The national debate on embryonic stem cells and research cloning has brought out the best and the worst in American culture. The best is on display in many ways. It is a debate that has been marked by an outpouring of sympathy for those suffering from disease or disability or threatened with death. It has drawn on the deep historical reservoir in America of a devotion to research and technological innovation to relieve the human condition. Despite these intensely partisan times, support for the research has easily crossed party lines, among legislators and the public. And it has given hope to perhaps thousands of people suffering from tenacious afflictions and disabilities. Those elements of the debate are impressive and commendable. Far less commendable were many of the ways in which the campaign in favor of the research was waged to gain money to carry it out. The main focus of this paper is on the early years of the stem cell debate when that effort was most intense. There were, for openers, inflated claims about the value of the research, often in the face of cautions from the researchers themselves. There was also an egregious promotion of what I believe to be an utterly wrong view about a socalled moral obligation to pursue the research. And there was a full display of that most ancient of logical fallacies, the ad hominem argument.
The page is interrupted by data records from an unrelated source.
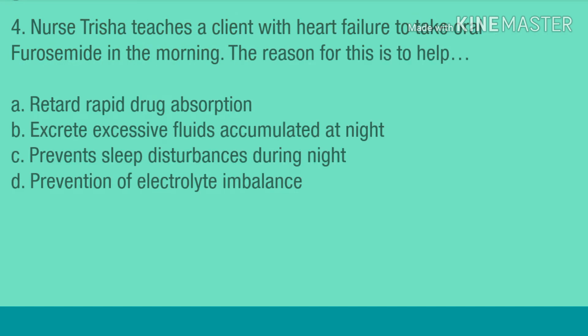Question 4. Nurse Trisha teaches a client with heart failure to take oral furosemide in the morning. The reason for this is to help: A. Retard rapid drug absorption. B. Excrete excessive fluids accumulated at night. C. Prevent sleep disturbances during night. D. Prevention of electrolyte imbalance.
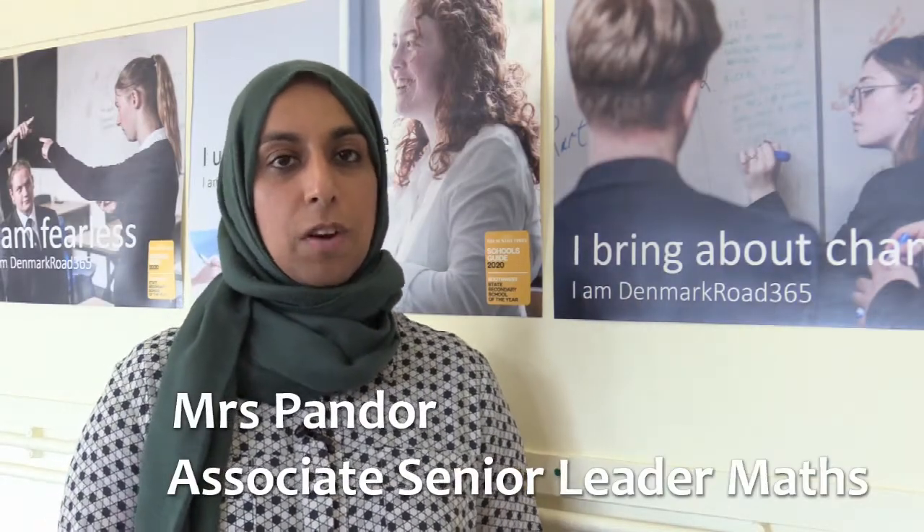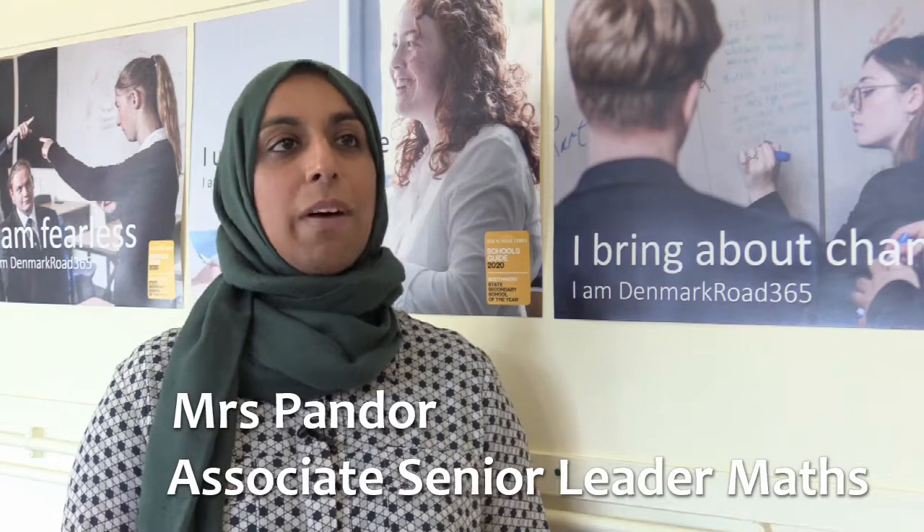In maths, the main skills that we need are to be able to problem solve, to reason and to develop our thinking. At Denmark Road, we talk about the DRHS in maths: deep thinking, reasoning and communication, solving problems and being highly investigative. All of our lessons are geared around making sure that we are always thinking about how we can communicate the maths that we do and how we can reason the maths that we do.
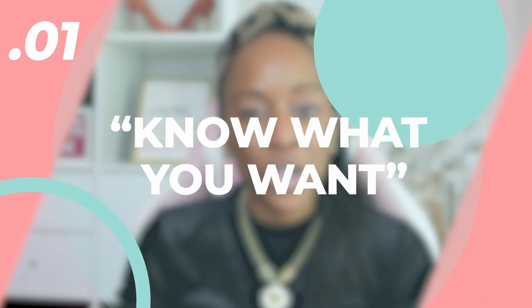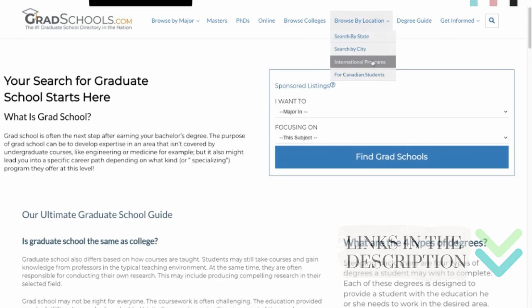Tip number one is know what you want. You want to get a clear picture of what do you want the end result to be in terms of what kind of school you want to go to. If you've never heard of a website called gradschools.com, that's a website I used to look up graduate school programs and get a full understanding in a one-stop-shop database of all the schools that I can shop for.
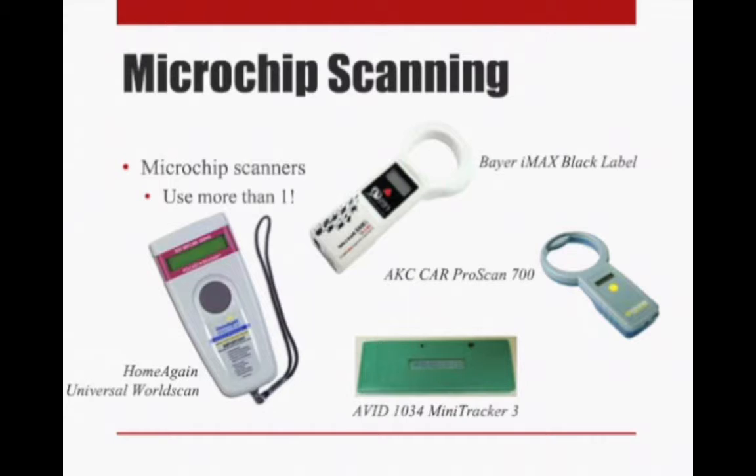You have to be careful that you're actually using the exact model listed. Some of these scanners — particularly the Home Again Scanner, the AKC ProScan, and the AVID Mini Tracker — look very similar to previous versions of these scanners, which are not universal scanners. So make sure you have those exact model numbers.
Many research proponents did not hesitate to label those on the other side as a noxious coalition of right-wing religious fanatics, the fearful, the superstitious, the ignorant, and those invincibly indifferent to human suffering. Some of that kind of rhetoric has been thrown in my direction. The right, sometimes not to be outdone in throwing mud, labeled proponents as enemies of human dignity, who were well down a slippery slope to manufacturing and instrumentalizing human embryos and thus life itself, the crudest kind of utilitarianism. There may have been bits of truth in each of these stereotypes, but they did not serve well to advance the discussion. There were some larger issues at stake in this conflict, most notably the excessive hype and hyperbole deployed by research supporters, the use of bad arguments, some ethical window-dressing to move the cause along, and a failure to take account of some little-noted but highly relevant facts.
打破干细胞的神话。
关于胚胎干细胞和克隆研究的全国性辩论已经把美国文化中最好的和最坏的东西带了出来。最好的东西在很多方面都有展示。这场辩论的特点是对那些身患疾病或残疾或面临死亡威胁的人表达了同情。它利用了美国深厚的历史积淀,致力于研究和技术创新,以缓解人类的状况。尽管在这个党派激烈的时代,对这项研究的支持很容易跨越党派界限,在立法者和公众中。它给成千上万饱受病痛和残疾折磨的人带来了希望。辩论的这些因素令人印象深刻,值得赞扬。更不值得称道的是,支持这项研究的运动是为了获得开展这项研究的资金而采取的许多方式。这篇论文的主要焦点是在干细胞争论的早期,当时的努力是最激烈的。首先,有些人夸大了研究的价值,往往不顾研究人员自己的警告。还有一种我认为是完全错误的观点,那就是所谓的从事研究的道德义务。这充分展示了最古老的逻辑谬误,人身攻击论证。许多研究的支持者毫不犹豫地把另一边的人称为右翼宗教狂热分子、恐惧者、迷信者、无知者和那些对人类苦难无动于衷的人组成的有害联盟。一些这样的言辞已经被投向了我的方向。右派有时也不甘示弱地泼脏水,他们给支持者贴上了人类尊严的敌人的标签,这些人正在滑向制造和工具化人类胚胎以及生命本身的滑坡,是最原始的功利主义。这些刻板印象可能都有一定的道理,但它们并没有很好地推动讨论。在这场冲突中有一些更大的问题,最明显的是研究支持者过度的炒作和夸张,使用糟糕的论点,一些道德上的粉饰来推动事业,以及没有考虑到一些鲜为人知但高度相关的事实。
本文章由计算机程序翻译,如有差异,请以英文原文为准。